This month must smell like victory for those who pushed for tariffs on Australian wine.
In exchange for essentially being pushed out of the market by those tariffs, Australia’s leading producer, Treasury Wine Estates, is not only making a version of its leading brand Penfolds in China but also aims to eventually sell it globally, which would further buoy the reputation of China as a producer. That initial wine will be released in China in the second half of 2022, according to a TWE press release. Penfolds has also started bringing in wines from its other projects outside of Australia, including from California.
TWE + CADA
On top of this, TWE made a “long-term, multi-faceted strategic co-operation agreement” with the China Alcoholic Drinks Association — the very organization that spearheaded the tariffs that have hit TWE and Australian wine producers as a whole. From the press release:
“The agreement will see TWE and CADA work together to build China’s fast-growing wine industry capability. The partnership will involve technical knowledge and expertise exchange in China wine region development, programs to champion wine education and wine culture, and brand support for the development of world-class quality, integrity, and valuation systems for Chinese grapes and wine.”
That’s a lot of effort to get back what might be just a sliver of a market that it once dominated. (See, “If Penfolds were a country, where would it rank?“) But there is always the potential, I suppose, of huge future gains in a market of 1.3 billion consumers where, after a decade of being one of the world’s leading wine education scenes and seeing its own quality labels amass a mountain of medals, relatively little wine is consumed. The business of selling courses and certificates, trade fairs and wine contests, and seminars and master classes seems to be far easier and possibly more lucrative than actually selling wine.
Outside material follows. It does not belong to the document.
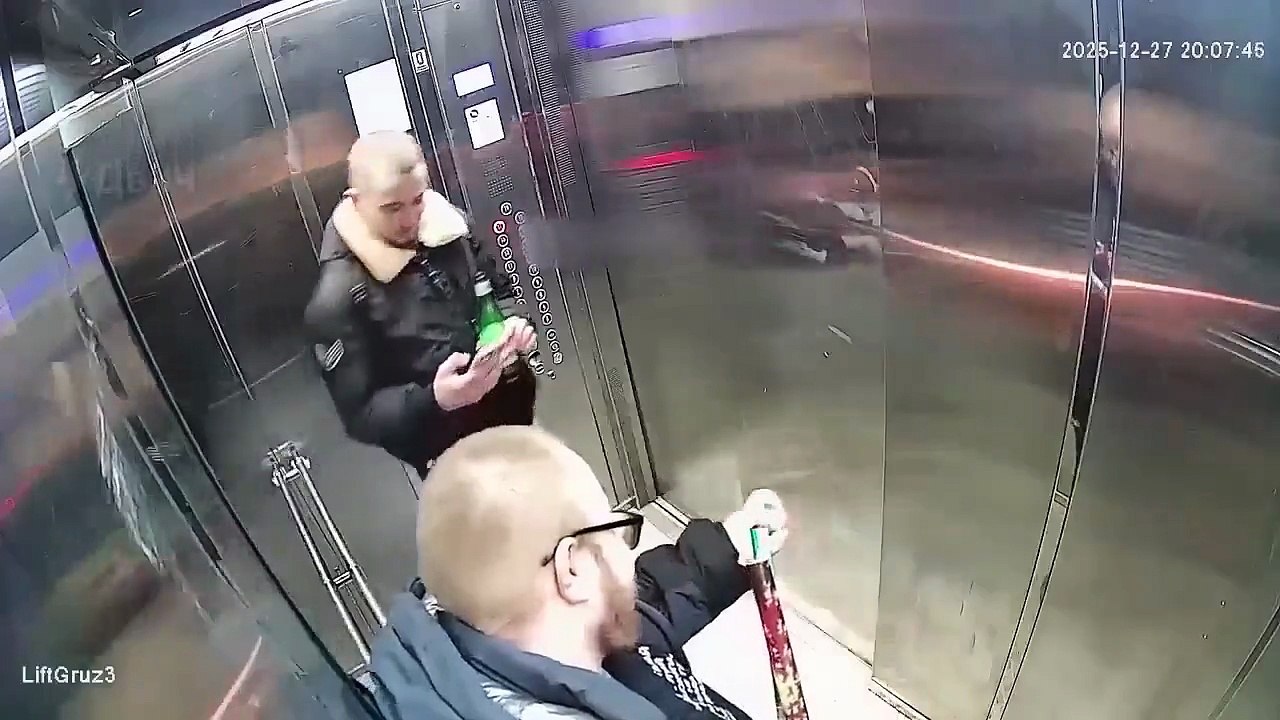 Allumer des feux d'artifice dans un ascenseur... mauvaise idée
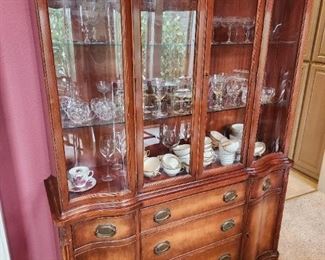Beautiful Traditional China Cabinet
Anyway, it will be interesting to see how TWE and CADA cooperate, including how projects are funded and who is involved.
As for the wine, it looks like this Panda Penfolds will be based out of Ningxia, where local authorities have been hoping a relatively new and sprawling high-tech operation called Xige Estate will help drive wine sales and, in turn, boost the entire region’s wine industry. Xige has even been called a kind of Penfolds of China, you know, a replacement brand. It’s making a Rawson’s Retreat-to-Grange kind of range of wines, from entry-level right up to rmb6000 a pop; it’s using a numbering system that reminds some of the bin series system; and, most important, its leader Zhang Yanzhi is quite familiar with TWE — he built the the successful importer / distributor Easy Cellar that popularize Penfolds Max across China.
Mainstream news that Penfolds is making this move is not news to the trade and the TWE press release acknowledges as much by saying that is confirming talk about the new wine. In March, for example, the WeChat wine account of WBO reported TWE screened 80-plus local producers and chose ten as final candidates for blending / bottling.
And that it had a focus on Qingtongxia, where Xige Estate aka Pigeon Hill is set. (There were rumblings about Helan Hong, a major government-backed operation up for sale, rumblings that Penfolds was not only going to bottle there but also possibly buy it.)
The talk about Penfolds goes even further back, pretty much to just after the tariffs were announced. It’s not easy to keep such things under wraps given how many people are involved. For example, a member o a TWE wine-making group contacted me last October and said their upcoming itinerary that covered Yunnan and Ningxia, with the latter visits to include meetings with the regional authorities. That’s a lot of people getting wind of the plans.
Anyway, TWE certainly isn’t the first major international brand to make wine in China — current options include Ao Yun (Yunnan) and Domaine Chandon (Ningxia) by LVMH, Longdai (Shandong) by DBR Lafite and Helan Mountain (Ningxia) by Pernod Ricard — but this is unfolding far faster than those carefully planned ventures.
Finally, this saga reminds me of this site’s April Fool’s joke in 2008 about Great Wall buying Penfolds, with plans for a label that featured a panda and koala hugging. That label might work well now.